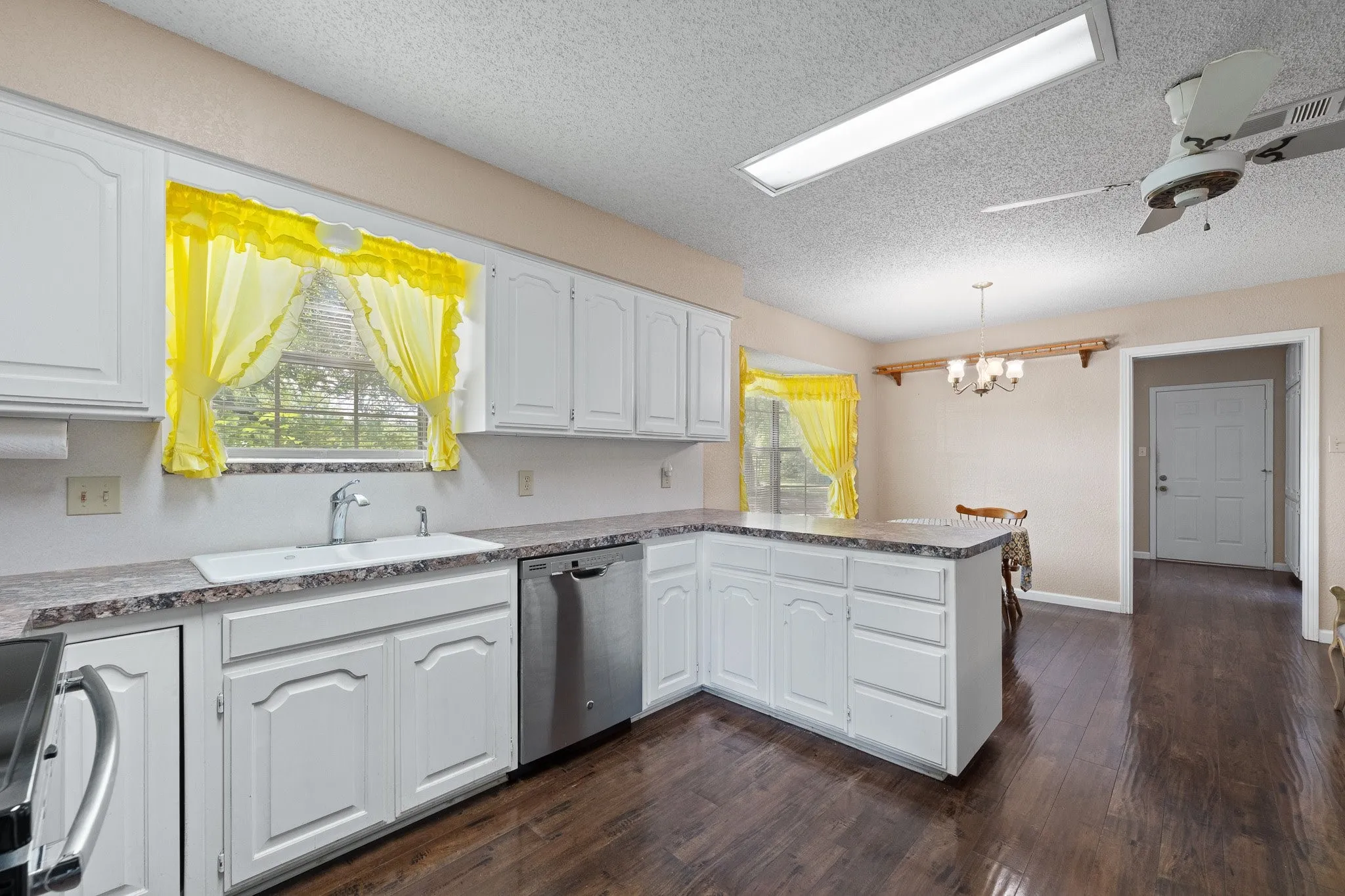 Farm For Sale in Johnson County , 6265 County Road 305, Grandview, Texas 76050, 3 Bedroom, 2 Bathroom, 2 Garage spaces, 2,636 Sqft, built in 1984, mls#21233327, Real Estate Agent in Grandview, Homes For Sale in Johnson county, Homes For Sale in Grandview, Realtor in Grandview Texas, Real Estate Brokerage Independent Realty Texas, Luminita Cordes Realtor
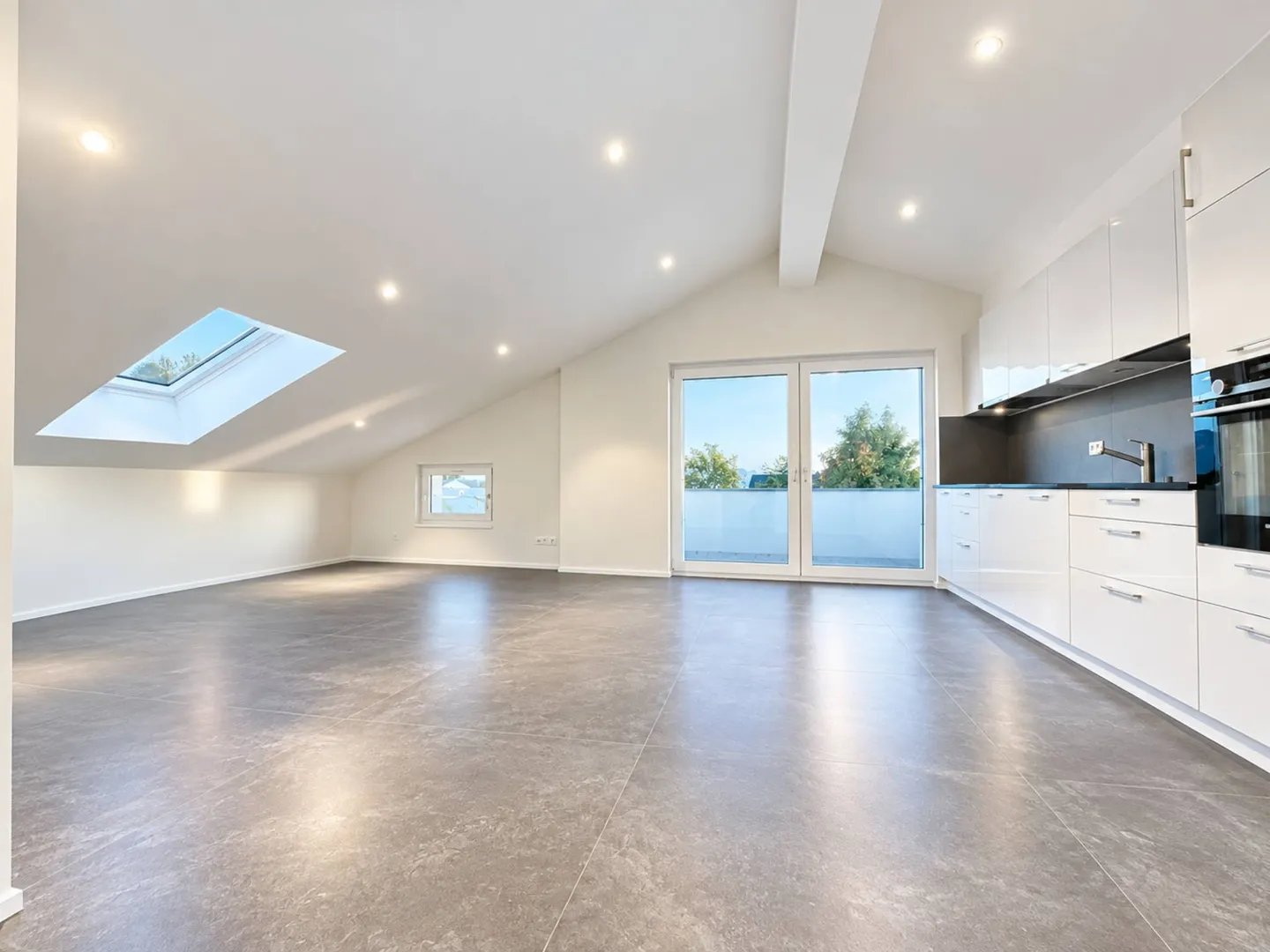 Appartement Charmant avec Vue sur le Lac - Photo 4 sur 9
#####
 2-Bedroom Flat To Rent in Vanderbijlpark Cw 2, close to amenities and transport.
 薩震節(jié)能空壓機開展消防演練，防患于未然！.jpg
#####
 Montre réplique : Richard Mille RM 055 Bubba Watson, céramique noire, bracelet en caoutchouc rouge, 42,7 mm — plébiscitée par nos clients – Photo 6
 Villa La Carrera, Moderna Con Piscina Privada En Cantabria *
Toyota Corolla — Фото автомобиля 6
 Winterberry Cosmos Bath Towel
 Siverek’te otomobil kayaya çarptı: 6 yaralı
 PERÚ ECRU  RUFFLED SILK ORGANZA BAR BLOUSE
#####
## What is needed
Within the listing above, the range opens at the line with "Montre réplique : Richard" and closes at the line with "ORGANZA BAR BLOUSE". Reproduce exactly the lines of that range, including both ends.

## Solution to the problem
 Montre réplique : Richard Mille RM 055 Bubba Watson, céramique noire, bracelet en caoutchouc rouge, 42,7 mm — plébiscitée par nos clients – Photo 6
 Villa La Carrera, Moderna Con Piscina Privada En Cantabria *
Toyota Corolla — Фото автомобиля 6
 Winterberry Cosmos Bath Towel
 Siverek’te otomobil kayaya çarptı: 6 yaralı
 PERÚ ECRU  RUFFLED SILK ORGANZA BAR BLOUSE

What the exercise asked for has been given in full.